В пепельнице дымились окурки. Сам Данилов был сухой, до синевы бледный. Павел оценил, что вся техника новая, кабинет врача не отличался от московского.

– А то консилиум соберем, послушаем твои хвори. Важный человек. Волонтер.

Павел промолчал, Данилов смягчился:

– Ладно, как горло-то? Садись, посмотрим.

– Где Подосёнова карточка? Петра Подосёнова? – выпалил Павел.

– Подосёнов, Подосёнов, Подосё… – Данилов длинными тощими пальцами полез было в ящик стола. – С какой стати я тебе карточки показывать буду?

– Это же дядька мой. То есть дед. Ну, он тут с колокольни спрыгнул. – Павел произнес уверенно, как факт, и сам удивился.

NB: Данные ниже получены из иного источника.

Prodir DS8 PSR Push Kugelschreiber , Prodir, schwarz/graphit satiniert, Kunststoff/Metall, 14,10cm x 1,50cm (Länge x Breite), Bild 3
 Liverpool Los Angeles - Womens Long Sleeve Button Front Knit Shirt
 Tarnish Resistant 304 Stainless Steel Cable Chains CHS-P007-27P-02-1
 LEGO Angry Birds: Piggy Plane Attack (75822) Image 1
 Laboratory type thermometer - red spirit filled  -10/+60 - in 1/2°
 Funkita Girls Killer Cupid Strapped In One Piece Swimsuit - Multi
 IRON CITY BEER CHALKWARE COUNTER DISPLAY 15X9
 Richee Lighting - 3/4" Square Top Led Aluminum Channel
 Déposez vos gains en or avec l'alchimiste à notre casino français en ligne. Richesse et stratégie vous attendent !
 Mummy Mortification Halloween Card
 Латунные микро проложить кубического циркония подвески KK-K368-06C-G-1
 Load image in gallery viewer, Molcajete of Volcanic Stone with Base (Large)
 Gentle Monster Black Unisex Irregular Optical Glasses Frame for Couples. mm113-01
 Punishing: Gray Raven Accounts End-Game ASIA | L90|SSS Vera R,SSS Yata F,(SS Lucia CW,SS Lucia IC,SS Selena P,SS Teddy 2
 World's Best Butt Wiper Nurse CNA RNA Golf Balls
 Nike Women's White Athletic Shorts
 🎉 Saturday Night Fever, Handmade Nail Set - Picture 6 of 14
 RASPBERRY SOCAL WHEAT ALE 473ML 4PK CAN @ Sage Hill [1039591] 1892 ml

– А, этот! Ну да, было дело. Какие ж тебе карточки? Полвека прошло: опомнился. Инвалидов потом в Видлицу переправили, кто дожил. Говорили, человек десять, не то меньше. Документов с тех пор никаких.

– Значит, прыгнул… Видлица? А дети с ними поехали?

– Вряд ли. У кого было куда, кто постарше, двинули в Петрозаводск или Питер.

– У него сын остался.

– У Подосёнова? Ну и чего ему тут ловить? Еды нет, камни кругом. Свет в каком году провели, знаешь? В девятом только. Я сам с керосинкой однажды оперировал и тремя фонариками.

Данилов замолчал. Теребил в кармане ключи. «Ишь, бренчит, не расстается с этой связкой, от ящика, там все препараты держит. Ну, эти, серьезные», – буркнул Гоша, когда Данилов, осмотрев Павла, ушел восвояси. Почему-то это всплыло в памяти.

– Сам-то на колокольню поднимался? Во люди были: на одних руках влез. Сейчас таких нет. Кстати, они, инвалиды, прямо в кельях лежали. Как святые…

– Почему он так, ну, с колокольни?

– Я тебе что сказал, когда ты слег? Нечего мирским на Валааме задерживаться. Бродите тут: в руках четки, в голове тетки. Впрочем, я не знаю, могилу только видел его. Местных спроси. Покажут, она такая, хм, за кладбищем. Там дед Иван еще сидит?